• _What is expected_
Beginning with the line that has "济宁曲阜爱心人士走访慰问尼山镇老党员" and ending with the line that has "Stapel von palo", retype the entries below exactly, except for the pictures.

Provided entries Block Start

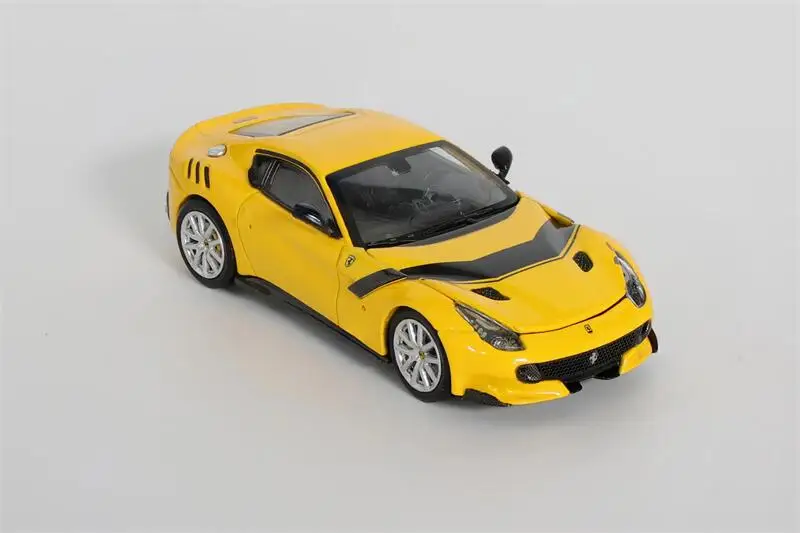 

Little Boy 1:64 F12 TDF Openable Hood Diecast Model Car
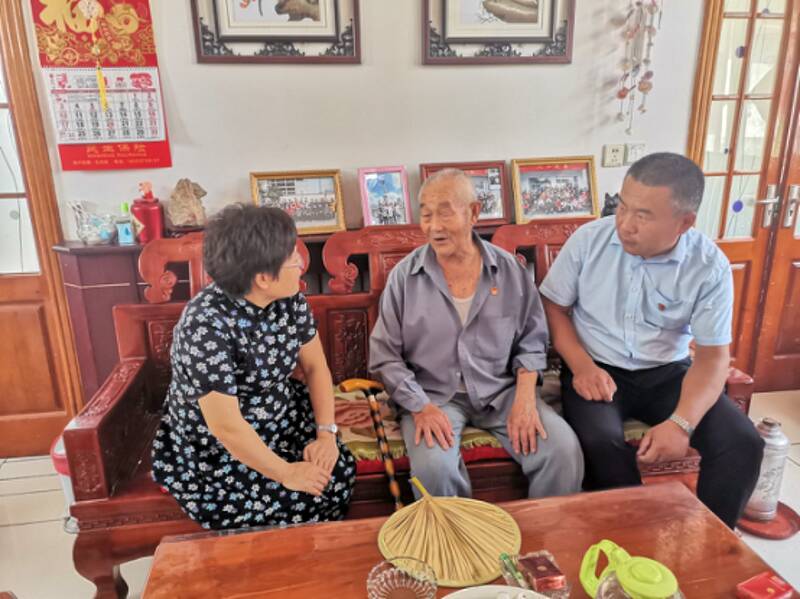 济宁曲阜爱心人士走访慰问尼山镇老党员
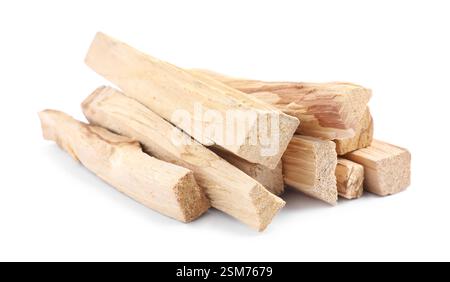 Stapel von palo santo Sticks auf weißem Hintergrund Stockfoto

Provided entries Block End
Provided entries Block Start

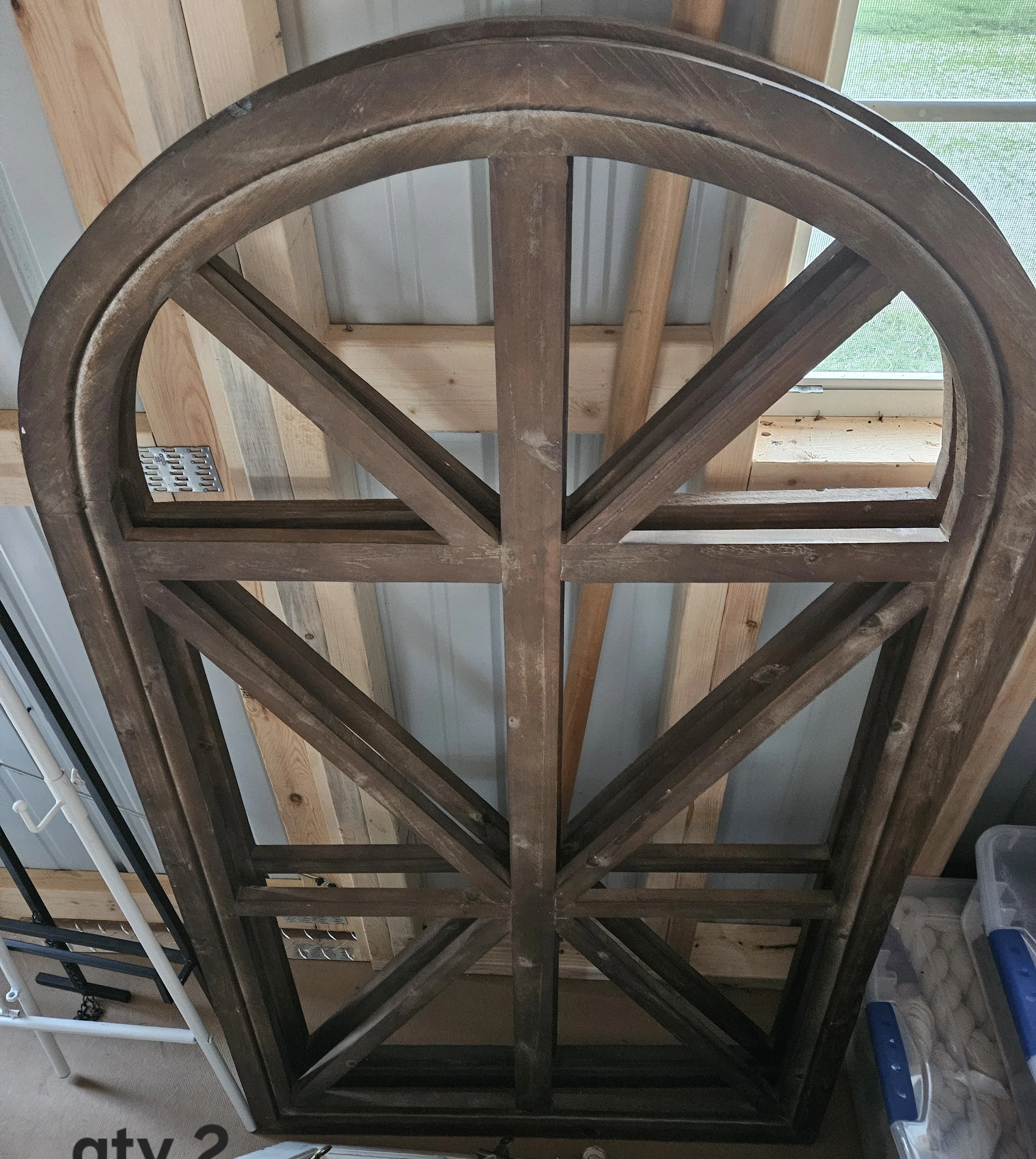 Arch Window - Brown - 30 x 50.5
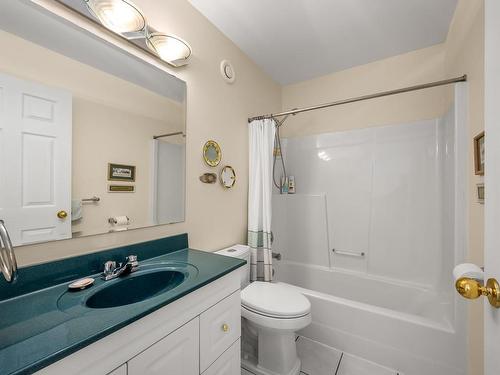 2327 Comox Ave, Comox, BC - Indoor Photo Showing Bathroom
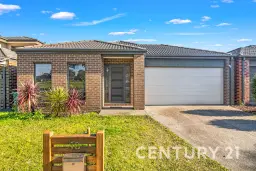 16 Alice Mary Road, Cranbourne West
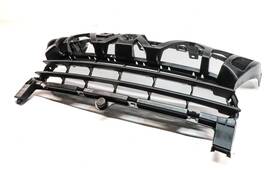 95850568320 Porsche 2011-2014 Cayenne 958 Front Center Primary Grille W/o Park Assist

Provided entries Block End

• _Task response_
 济宁曲阜爱心人士走访慰问尼山镇老党员
 Stapel von palo santo Sticks auf weißem Hintergrund Stockfoto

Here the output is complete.